[[ Source data, beginning ]]
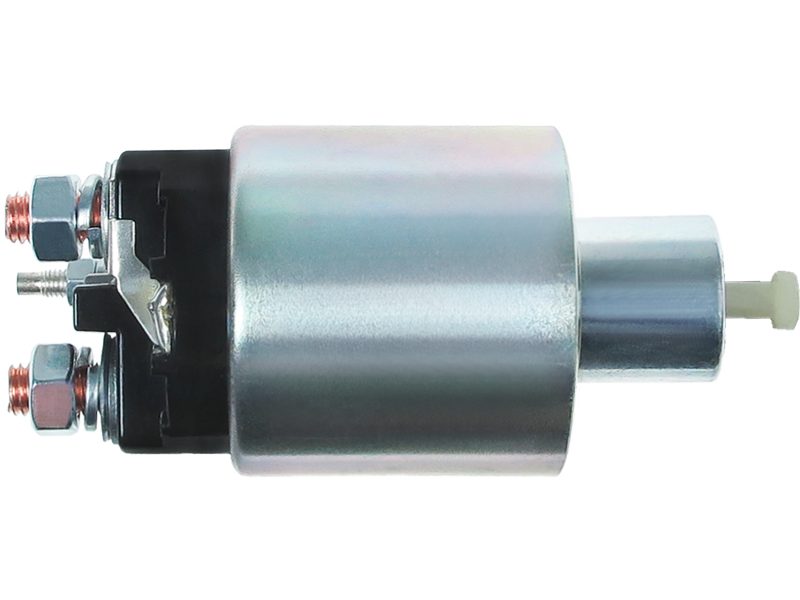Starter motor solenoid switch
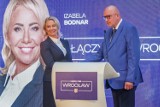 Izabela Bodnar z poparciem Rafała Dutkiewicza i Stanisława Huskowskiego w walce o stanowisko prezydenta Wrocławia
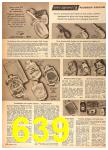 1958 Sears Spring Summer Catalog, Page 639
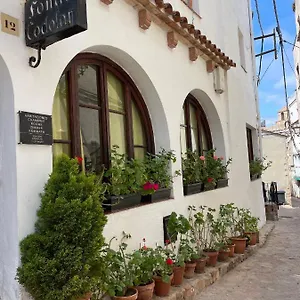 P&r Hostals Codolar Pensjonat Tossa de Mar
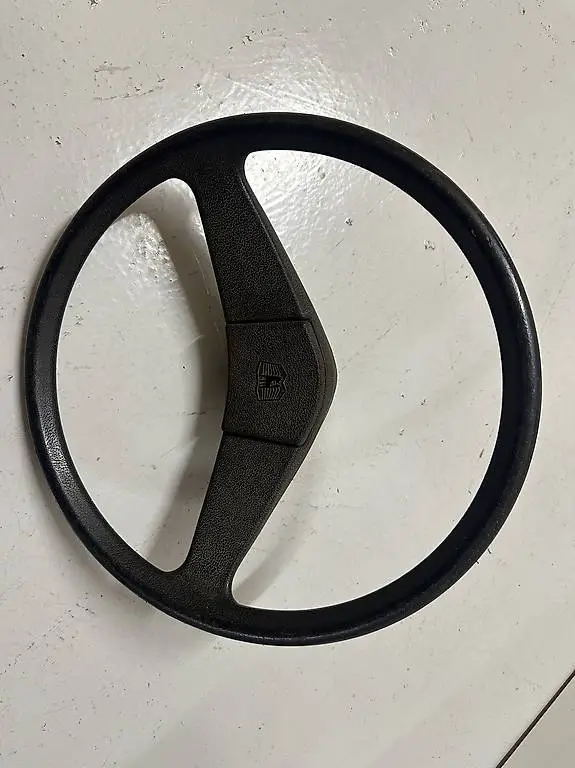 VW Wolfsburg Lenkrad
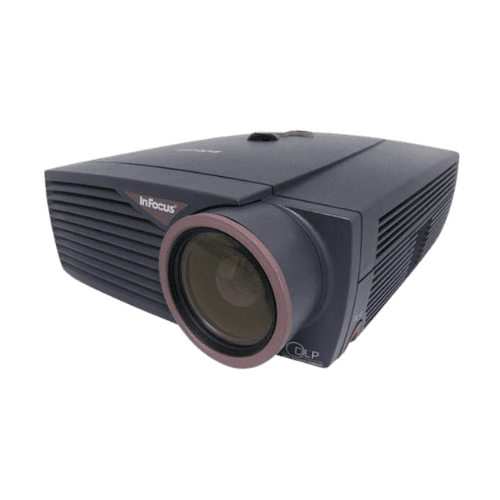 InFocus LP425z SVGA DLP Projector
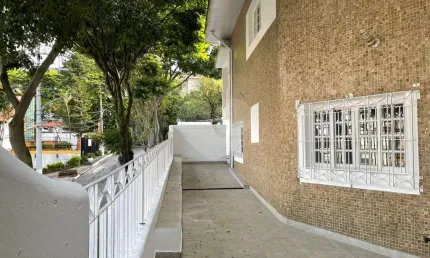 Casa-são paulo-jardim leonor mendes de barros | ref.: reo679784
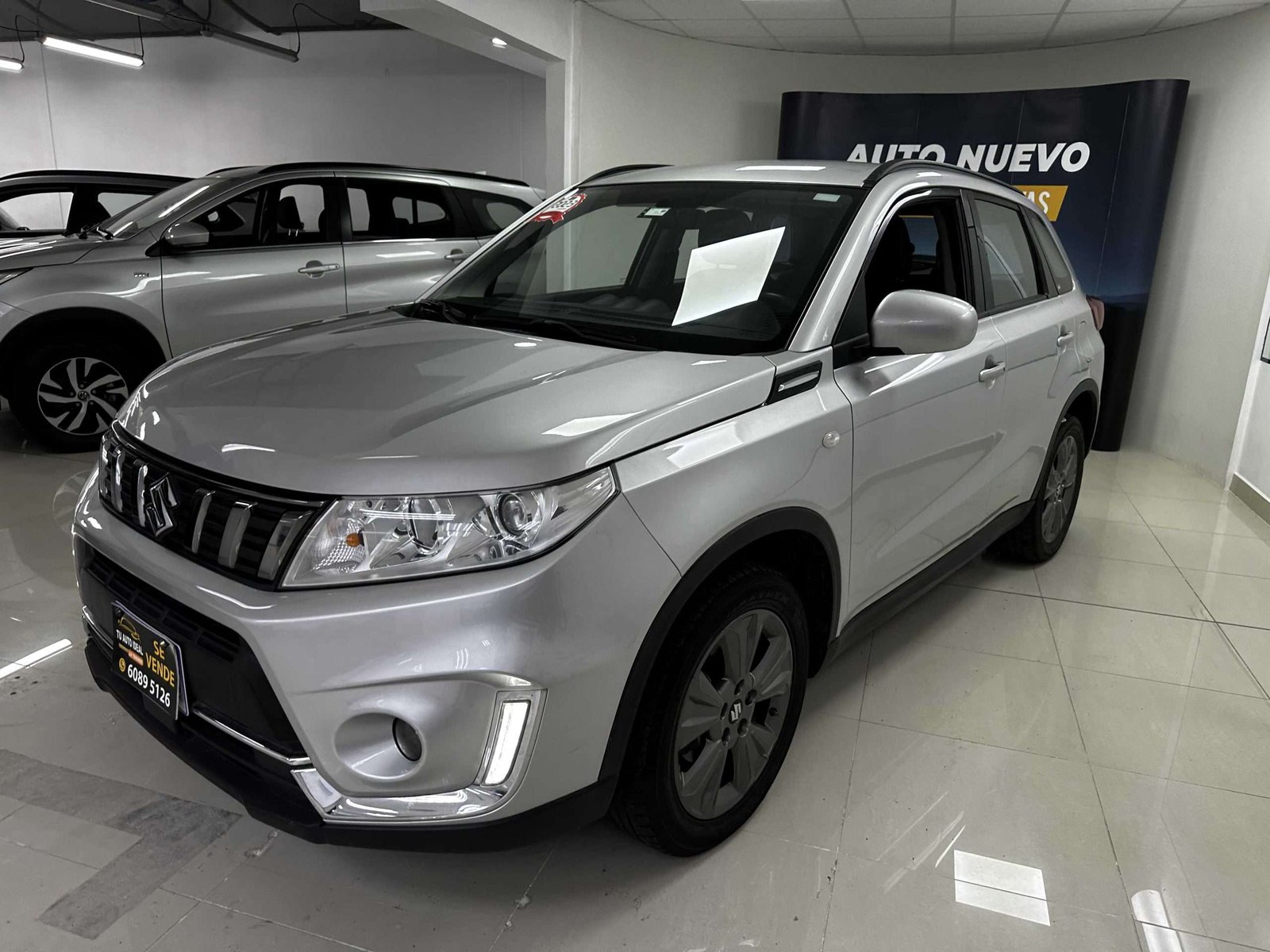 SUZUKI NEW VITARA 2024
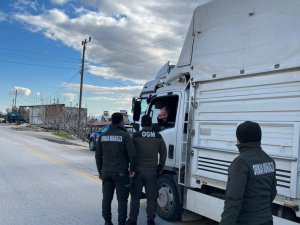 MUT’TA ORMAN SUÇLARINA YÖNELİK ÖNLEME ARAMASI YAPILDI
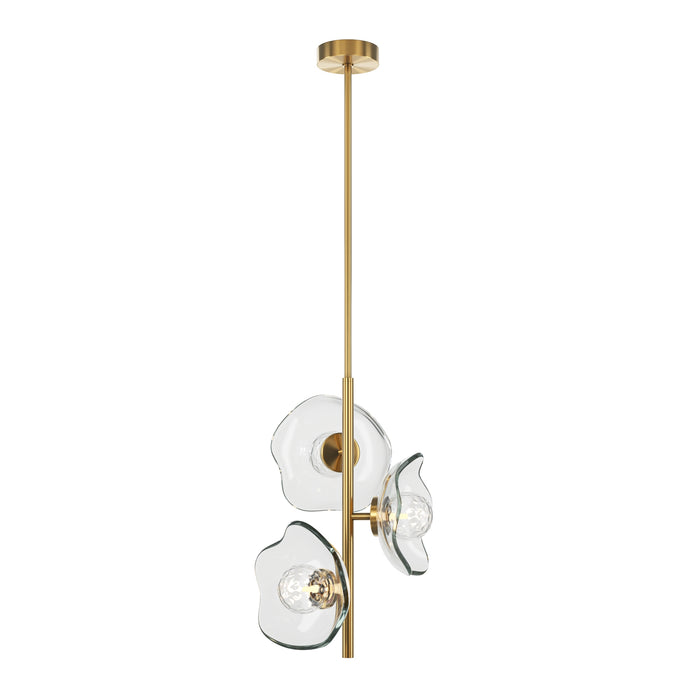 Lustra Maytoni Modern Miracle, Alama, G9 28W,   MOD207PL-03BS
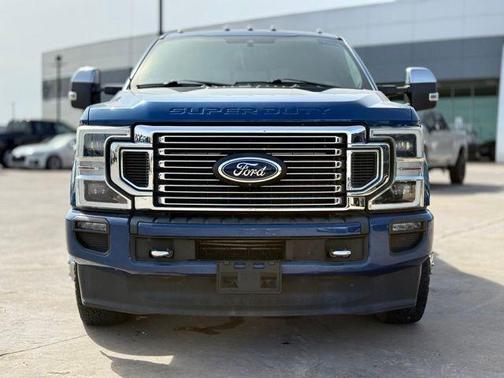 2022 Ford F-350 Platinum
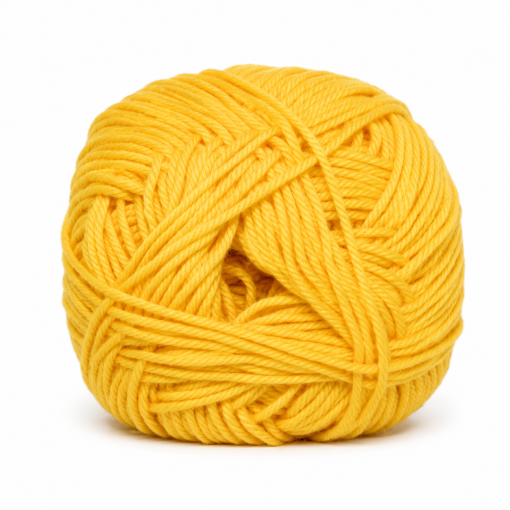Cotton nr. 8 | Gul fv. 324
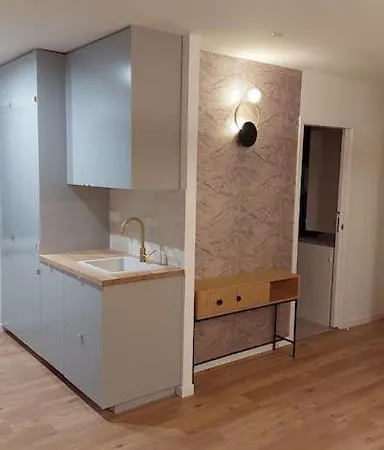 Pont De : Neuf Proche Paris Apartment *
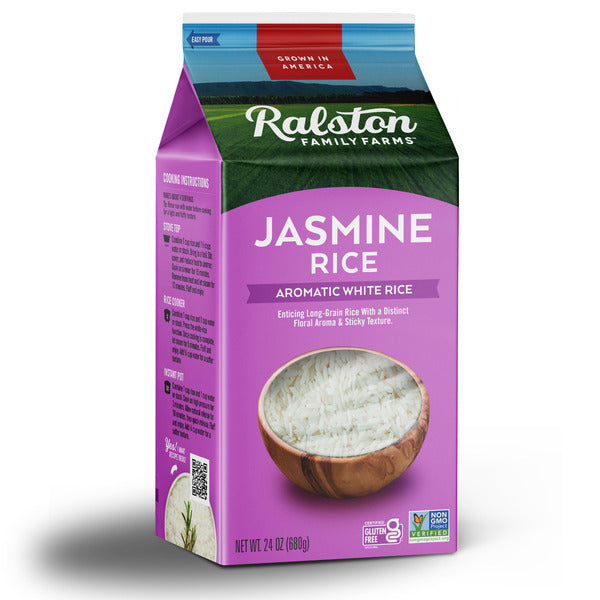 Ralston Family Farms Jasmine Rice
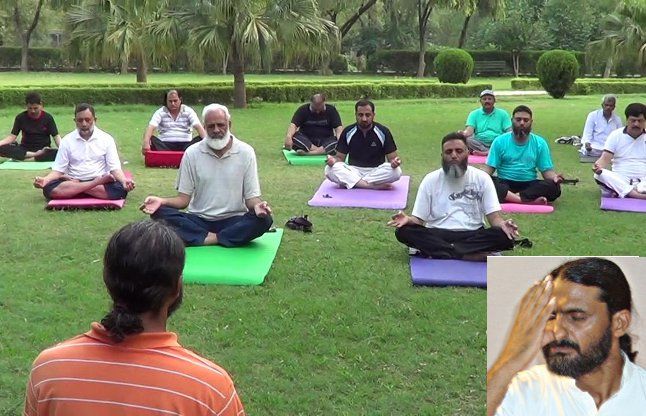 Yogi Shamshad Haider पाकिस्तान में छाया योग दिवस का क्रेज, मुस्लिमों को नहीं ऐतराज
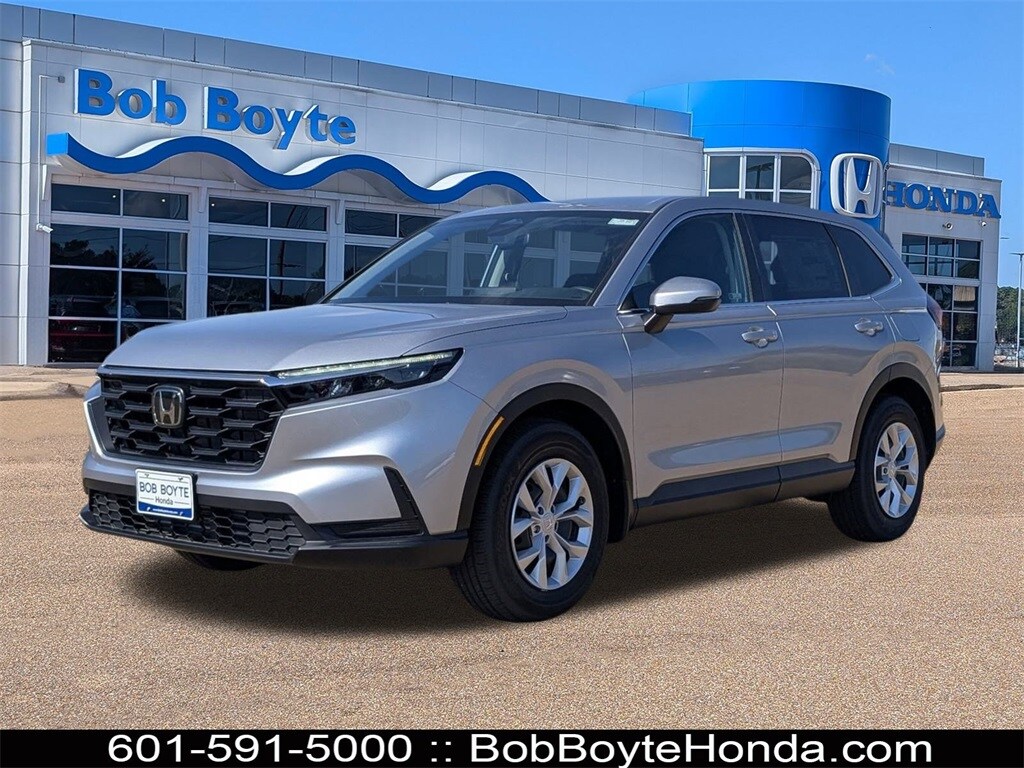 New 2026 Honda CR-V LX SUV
[[ Source data, end ]]
- [What to do]: The records above need to be printed in full and exactly, without any of the pictures.

- [Finished exercise]:
Starter motor solenoid switch
 Izabela Bodnar z poparciem Rafała Dutkiewicza i Stanisława Huskowskiego w walce o stanowisko prezydenta Wrocławia
 1958 Sears Spring Summer Catalog, Page 639
 P&r Hostals Codolar Pensjonat Tossa de Mar
 VW Wolfsburg Lenkrad
 InFocus LP425z SVGA DLP Projector
 Casa-são paulo-jardim leonor mendes de barros | ref.: reo679784
 SUZUKI NEW VITARA 2024
 MUT’TA ORMAN SUÇLARINA YÖNELİK ÖNLEME ARAMASI YAPILDI
 Lustra Maytoni Modern Miracle, Alama, G9 28W,   MOD207PL-03BS
 2022 Ford F-350 Platinum
Cotton nr. 8 | Gul fv. 324
 Pont De : Neuf Proche Paris Apartment *
 Ralston Family Farms Jasmine Rice
 Yogi Shamshad Haider पाकिस्तान में छाया योग दिवस का क्रेज, मुस्लिमों को नहीं ऐतराज
 New 2026 Honda CR-V LX SUV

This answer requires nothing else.